Wrong demotions in CNN architecture

Nia3324 · January 10, 2024, 1:22am

Im currently trying to implement a CNN for a Alpha Zero game player, using pytorch but im getting an error regarding matrices multiplication. My input consists of 3 channels with 10x10 matrices.

model = Net(10, 10**2+1)
print(summary(model,(3,10,10)))

giving me the following error:

RuntimeError                              Traceback (most recent call last)
<ipython-input-32-0a101a882eb1> in <cell line: 3>()
      1 model = Net(10, 10**2+1)
      2 
----> 3 print(summary(model,(3,10,10)))

9 frames
/usr/local/lib/python3.10/dist-packages/torch/nn/modules/linear.py in forward(self, input)
    112 
    113     def forward(self, input: Tensor) -> Tensor:
--> 114         return F.linear(input, self.weight, self.bias)
    115 
    116     def extra_repr(self) -> str:

RuntimeError: mat1 and mat2 shapes cannot be multiplied (40x10 and 2x101)
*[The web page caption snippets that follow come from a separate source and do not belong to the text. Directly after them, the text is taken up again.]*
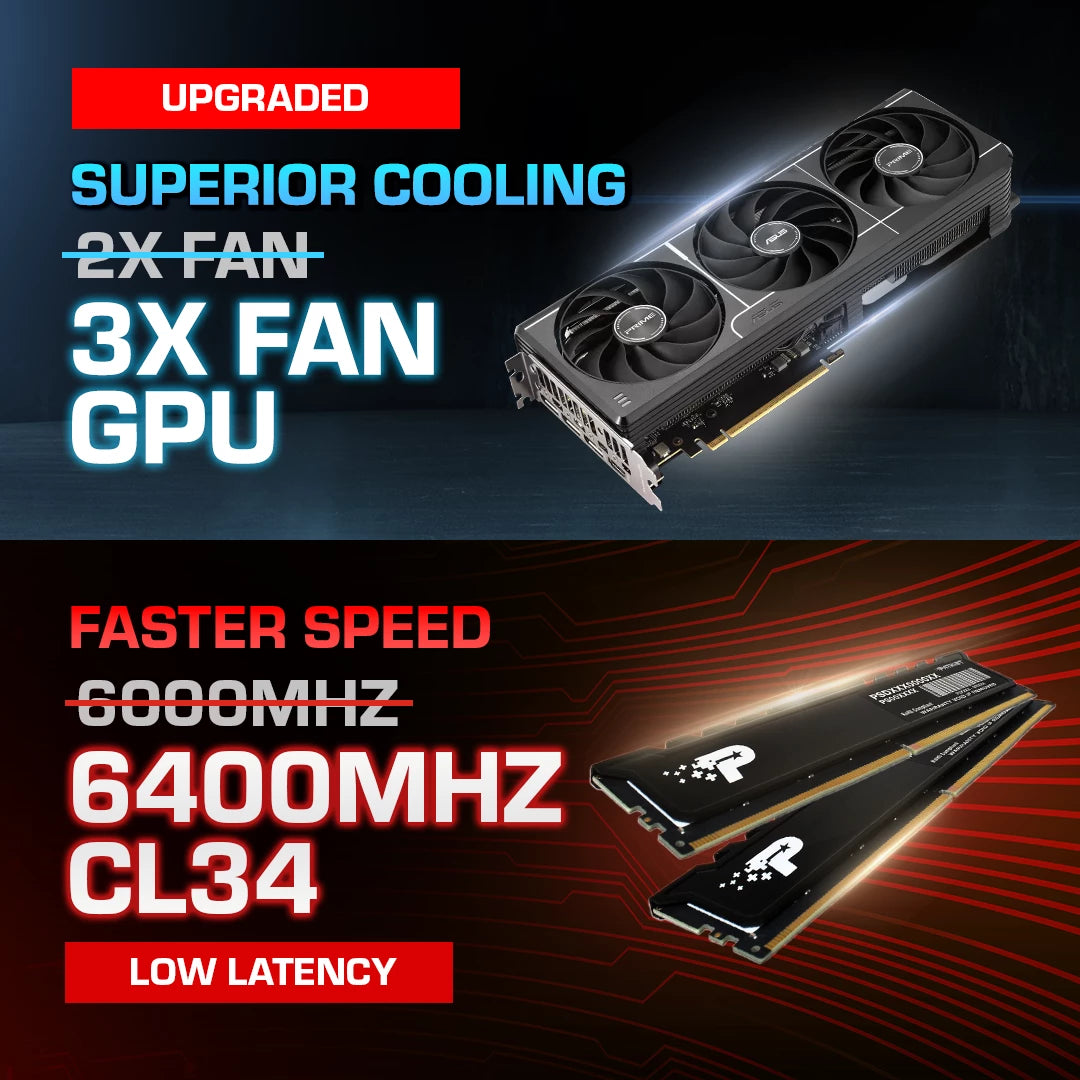 Level 5 AMD / Ryzen 7 7700 + GeForce RTX 5070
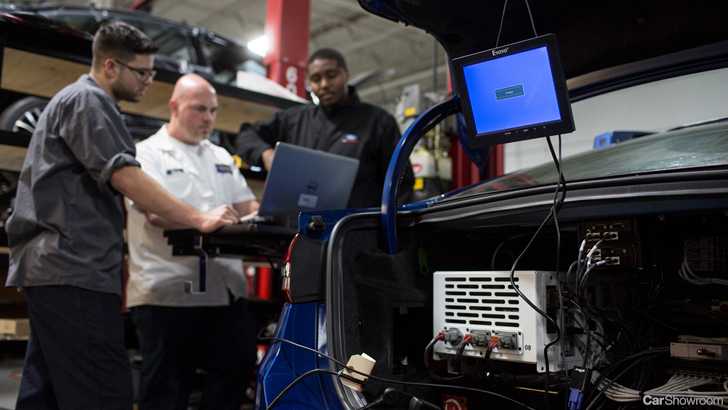 Ford Autonomous Development Project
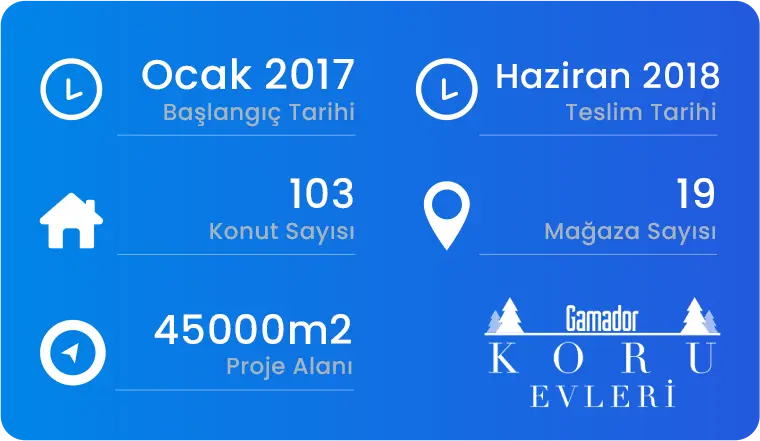 Gamador İnşaat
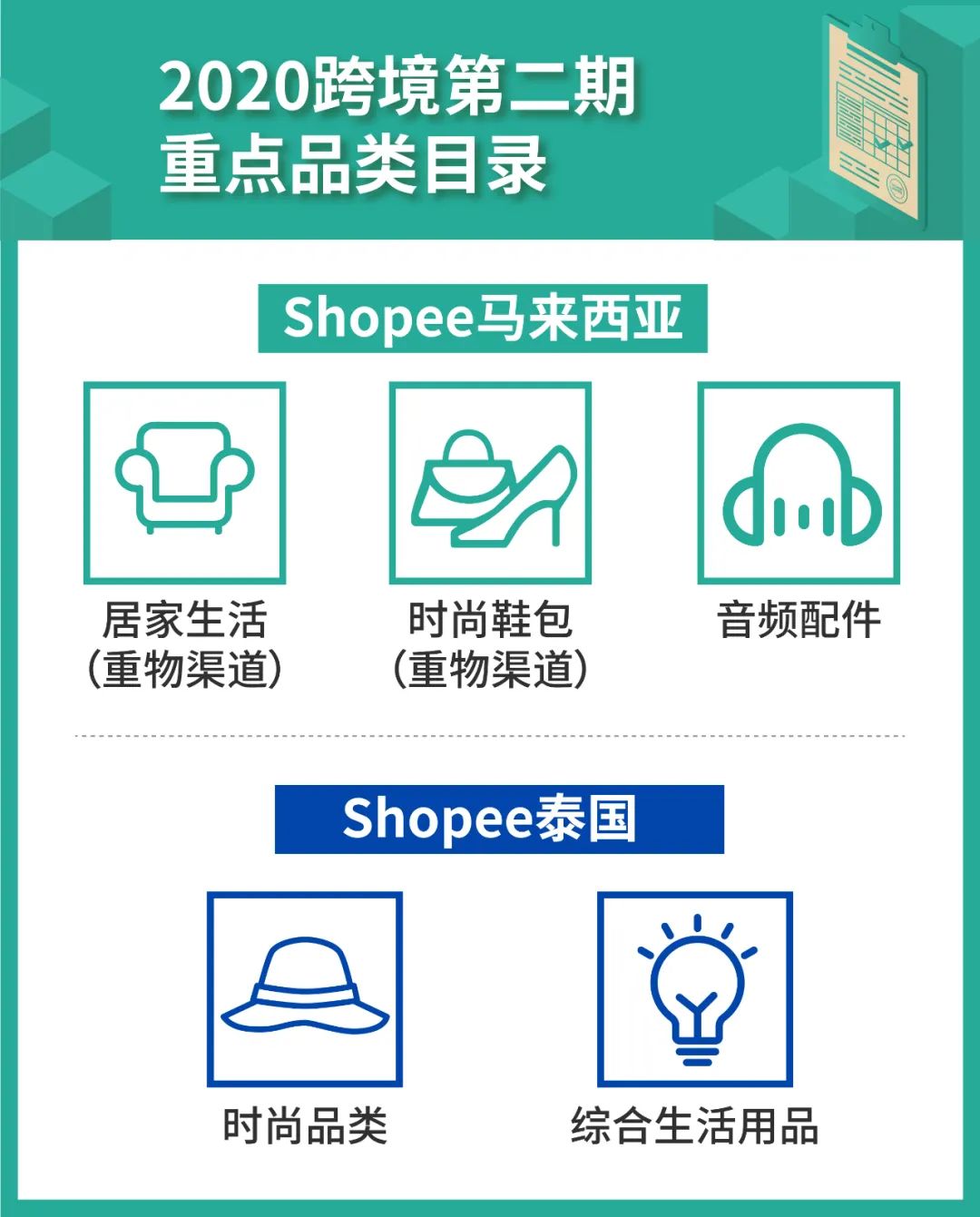 Shopee馬來泰國2020重點類目及激勵政策來襲～追加新店曝光獎勵
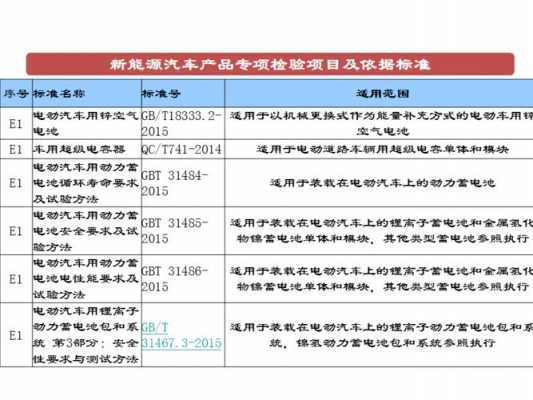 新能源汽车检测项目（新能源汽车检测项目包括）-图3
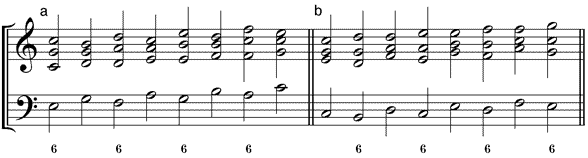 Umstellungs-Varianten der Quintanstiegsequenz (a) 65-Variante – (b) 56-Variante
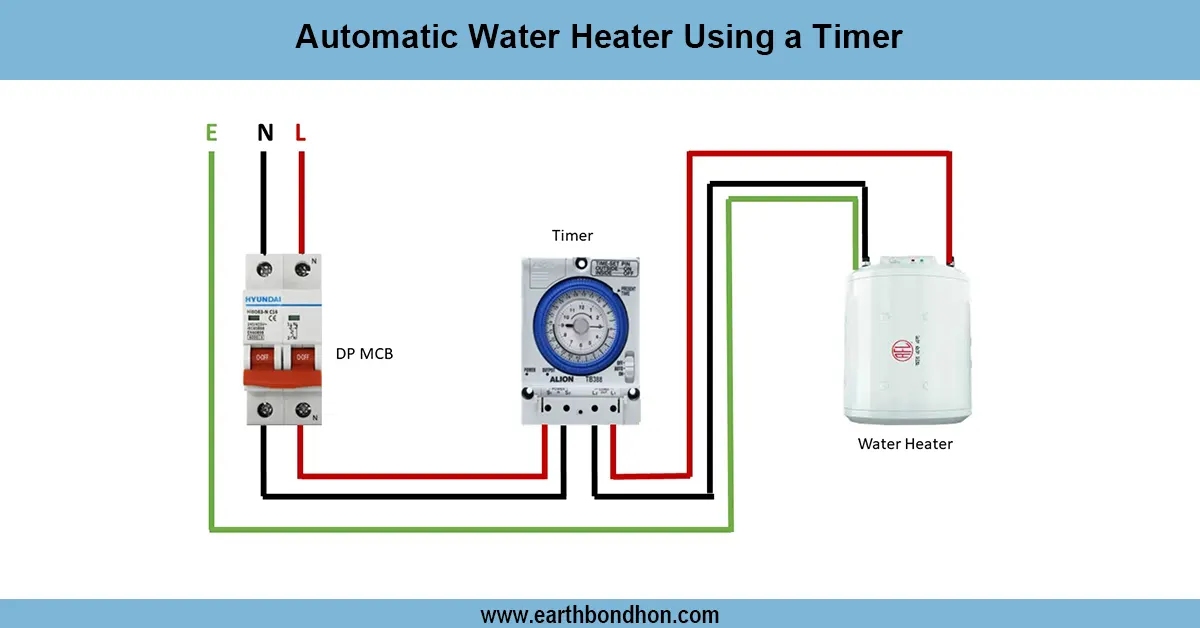 Automatic water pump Installation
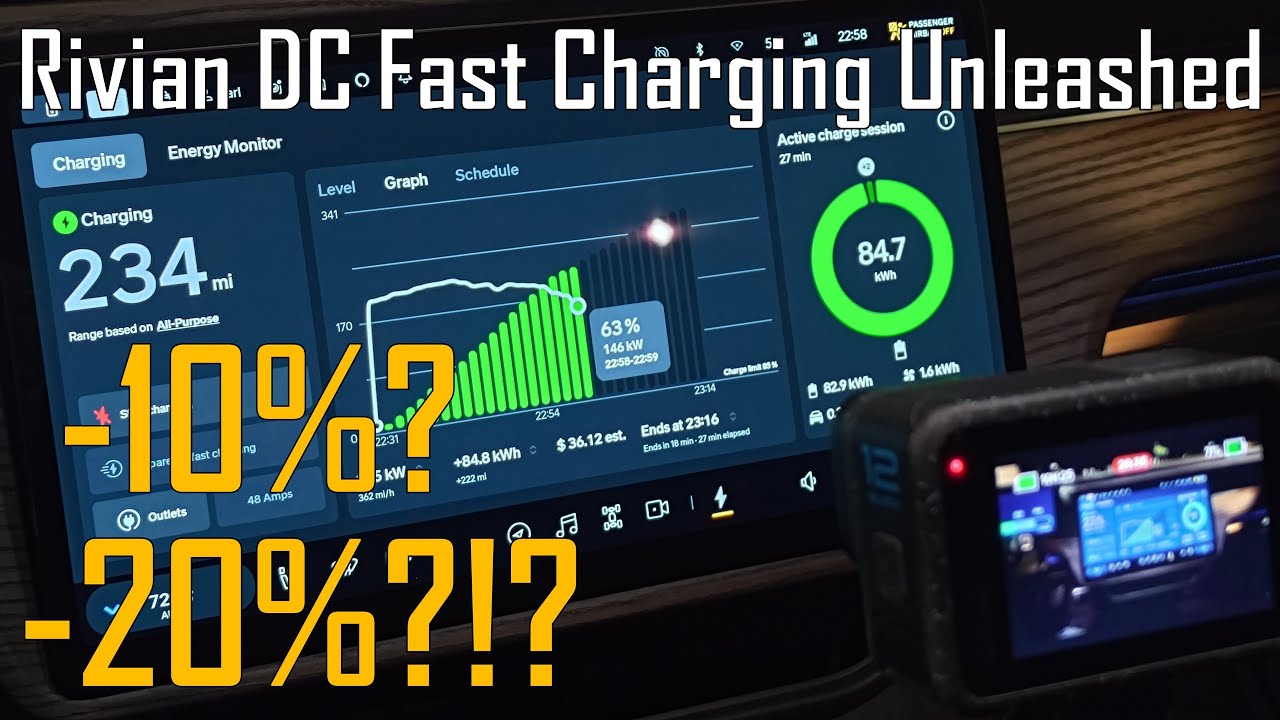 Rivian: Crazy charging upgrade from a software update!!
This is the current architecture:

def conv3x3(in_planes, out_planes):
    return nn.Conv2d(in_planes, out_planes, kernel_size=3, padding=1)

def conv1x1(in_planes, out_planes):
    return nn.Conv2d(in_planes, out_planes, kernel_size=1, padding=0)


class Net(nn.Module):
    def __init__(self, board_size, action_size, num_resBlocks=20, num_hidden=128):
        super().__init__()
        self.device = torch.device("cuda" if torch.cuda.is_available() else "cpu")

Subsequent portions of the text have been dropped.